[PATCH AUTOSEL 6.17-6.12] drm/xe/guc: Return an error code if the GuC load fails

Intel-XE Archive on lore.kernel.org
 help / color / mirror / Atom feed

From: Sasha Levin <sashal@kernel.org>
To: patches@lists.linux.dev, stable@vger.kernel.org
Cc: John Harrison <John.C.Harrison@Intel.com>,
	Rodrigo Vivi <rodrigo.vivi@intel.com>,
	Matt Atwood <matthew.s.atwood@intel.com>,
	Sasha Levin <sashal@kernel.org>,
	lucas.demarchi@intel.com, thomas.hellstrom@linux.intel.com,
	intel-xe@lists.freedesktop.org
Subject: [PATCH AUTOSEL 6.17-6.12] drm/xe/guc: Return an error code if the GuC load fails
Date: Sat, 25 Oct 2025 11:59:31 -0400	[thread overview]
Message-ID: <20251025160905.3857885-340-sashal@kernel.org> (raw)
In-Reply-To: <20251025160905.3857885-1-sashal@kernel.org>

From: John Harrison <John.C.Harrison@Intel.com>

[ Upstream commit 3b09b11805bfee32d5a0000f5ede42c07237a6c4 ]
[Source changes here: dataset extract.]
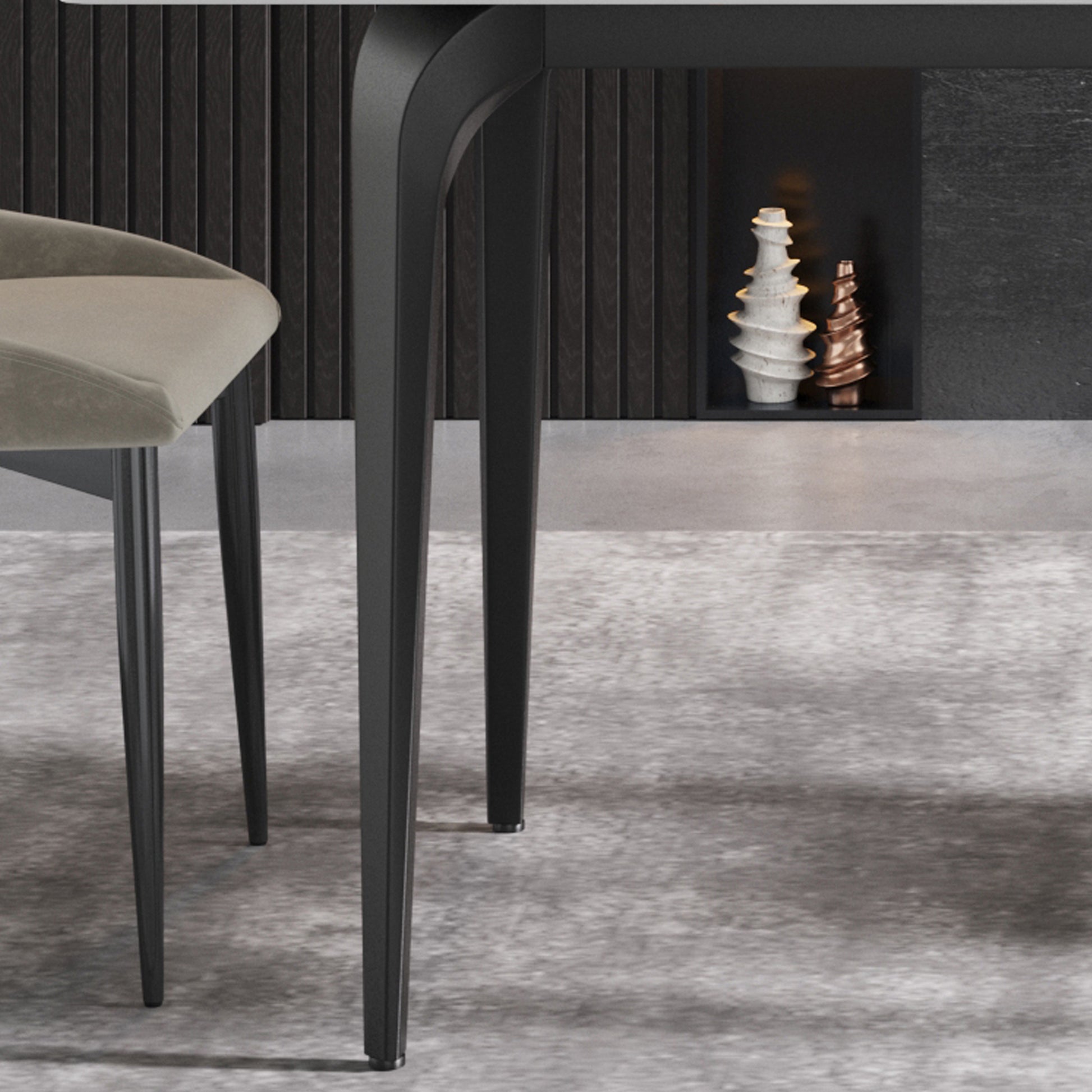 63"Modern Artificial Stone White Straight Edge Black Metal Leg Dining Table 6 People White Metal Sintered Stone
Due to multiple explosion issues in the early days of the Xe driver,
the GuC load was hacked to never return a failure. That prevented
kernel panics and such initially, but now all it achieves is creating
more confusing errors when the driver tries to submit commands to a
GuC it already knows is not there. So fix that up.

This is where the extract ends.